Science Fair Project Encyclopedia
Hydro-Electric Power Commission of Ontario
The Hydro-Electric Power Commission of Ontario was established in 1906 by the provincial Power Commission Act to build transmission lines to supply municipal utilities with electricity generated by private companies already operating at Niagara Falls. The first chairman was Adam Beck, minister without portfolio in the provincial government of Sir James P. Whitney. Beck had been a prominent advocate of a publicly owned electricity grid.
The first transmission lines began providing power to southwestern Ontario in 1910. Beck was knighted in 1914 for his work in electrifying Ontario.
In the 1920s the commission began generating and distributing its own power when it was given the mandate to electrify rural areas. Besides building its own generating stations, it bought the transmission lines and generators of the largest private electricity company.
In 1974 the Power Corporation Act reorganized the system as a crown corporation called Ontario Hydro, the name it was most usually known by. In Canada, hydroelectric power is so common that "hydro" has become synonymous with electric power regardless of the actual source of the electricity.

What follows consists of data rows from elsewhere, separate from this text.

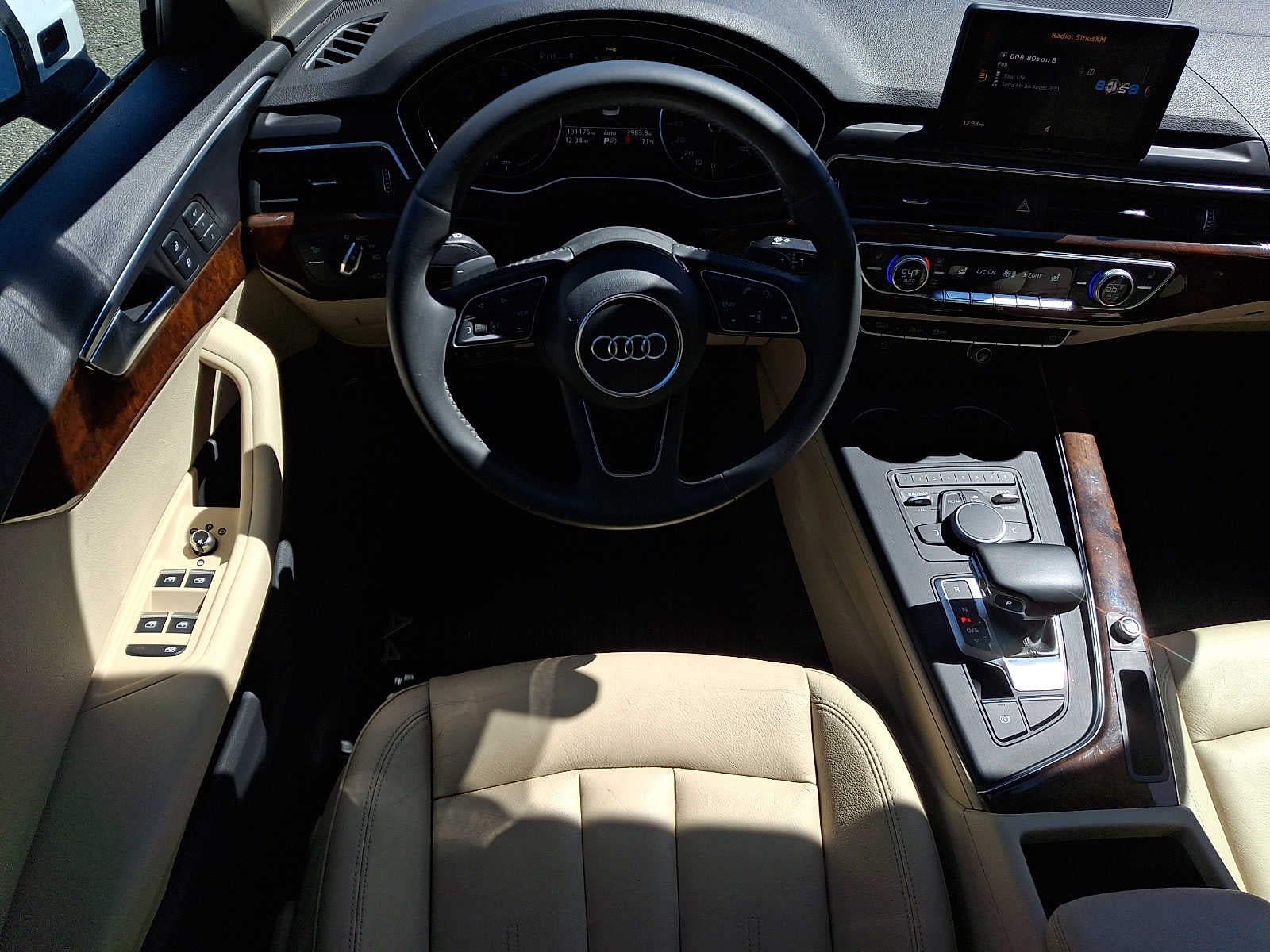2019 Audi A4 Premium 45 TFSI quattro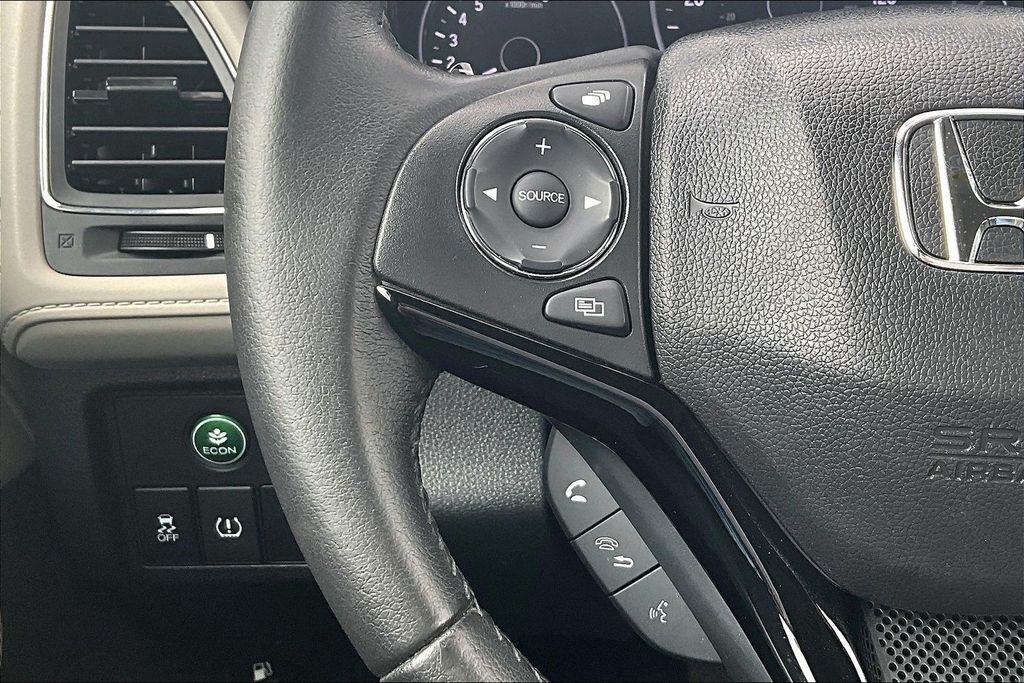 2018 Honda HR-V EX-L OR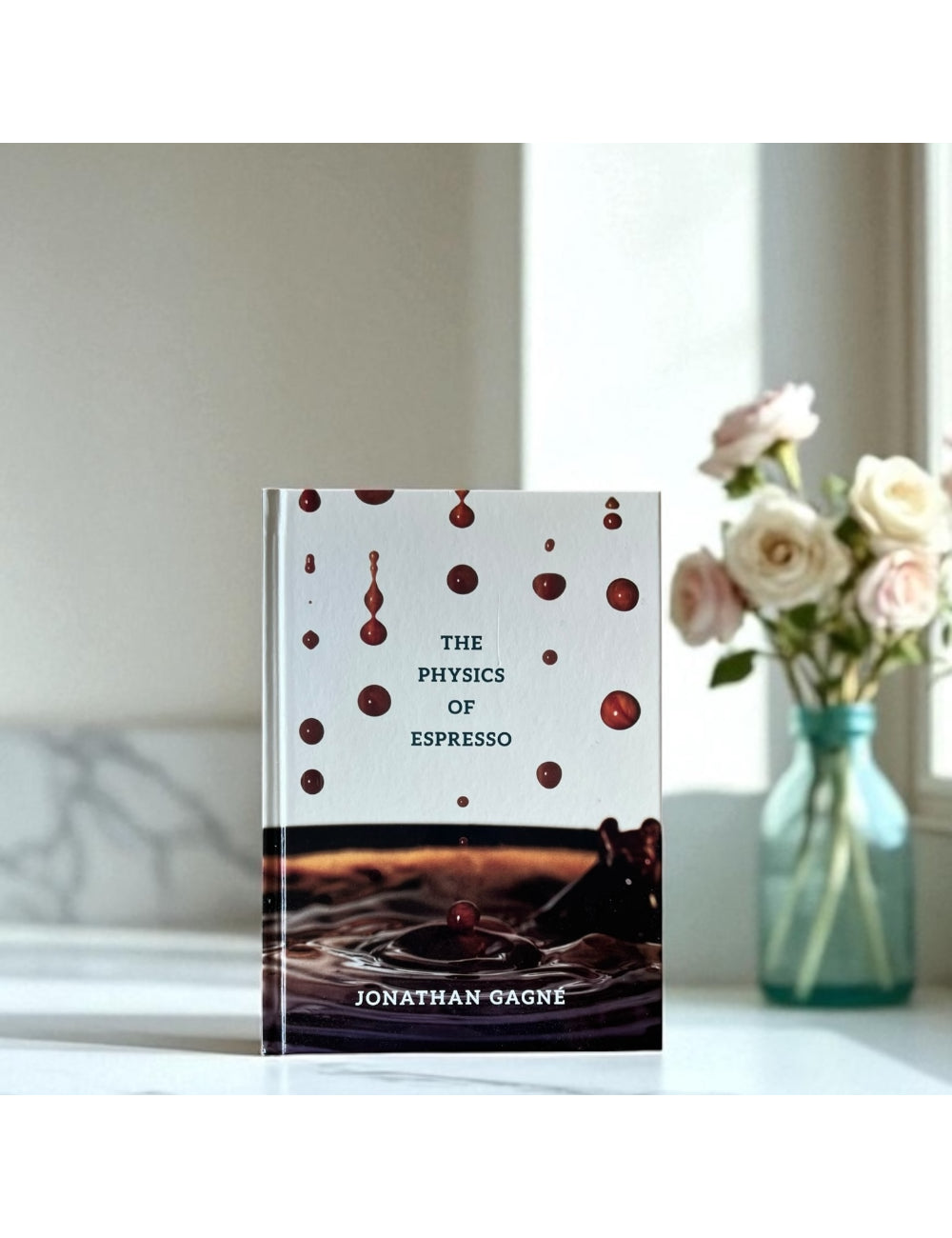 The Physics of Espresso by Jonathan Gagné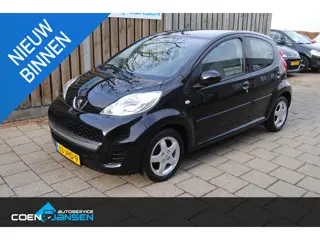 Peugeot 107 1.0-12V XS AUTOMAAT, lage km. stand.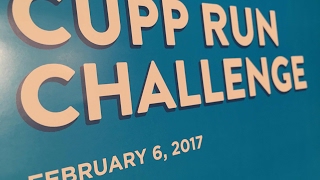 Cupp Run Challenge 2017  64mph [upl. by Devona]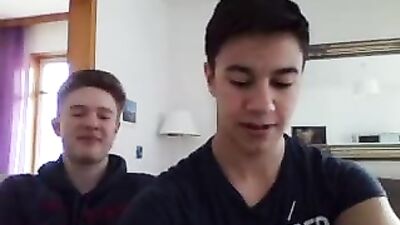 Ass Play with Friend Revealed!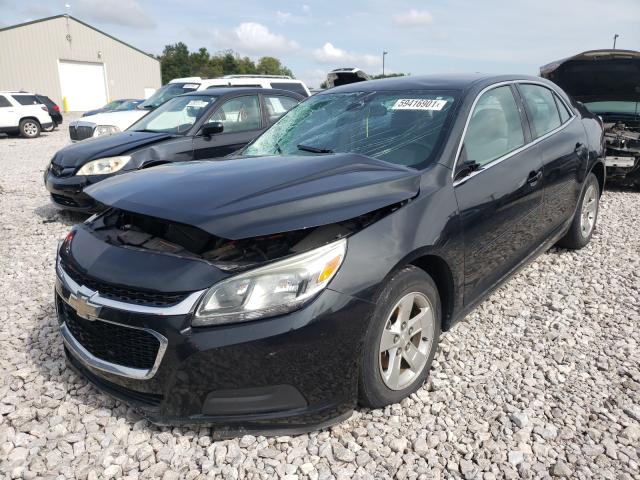 Photo 1 VIN: 1G11B5SL7FF222911 - CHEVROLET MALIBU LS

In 1998, the PC government of Mike Harris passed the Energy Competition Act which authorized the establishment of a market in electricity. In April 1999, Ontario Hydro was re-organized into three companies: Ontario Power Generation, the Ontario Hydro Services Company (later renamed Hydro One), and the Independent Electricity Market Operator (later renamed the Independent Electricity System Operator). The companies were intended to eventually operate as private businesses rather than as crown corporations.
By 2001, Hydro One had acquired 88 municipal utilities. In 2001. the provincial government announced its intention to make an Initial Public Offering of stock in Hydro One. However, in 2002 the Supreme Court of Ontario found that the provincial government lacked the authority to proceed with this offering.
In 2002 an electricity market began operating. However, critics questioned, among other things, whether the market was truly competitive or could ever become competitive, given that an electricity grid is not a private good. Public dismay at an increase in prices led the government of Harris's successor, Ernie Eves, to put a cap on electricity prices. This cap was maintained after the Liberal party of Dalton McGuinty replaced the PC government in 2003, The cap was raised in April, 2004.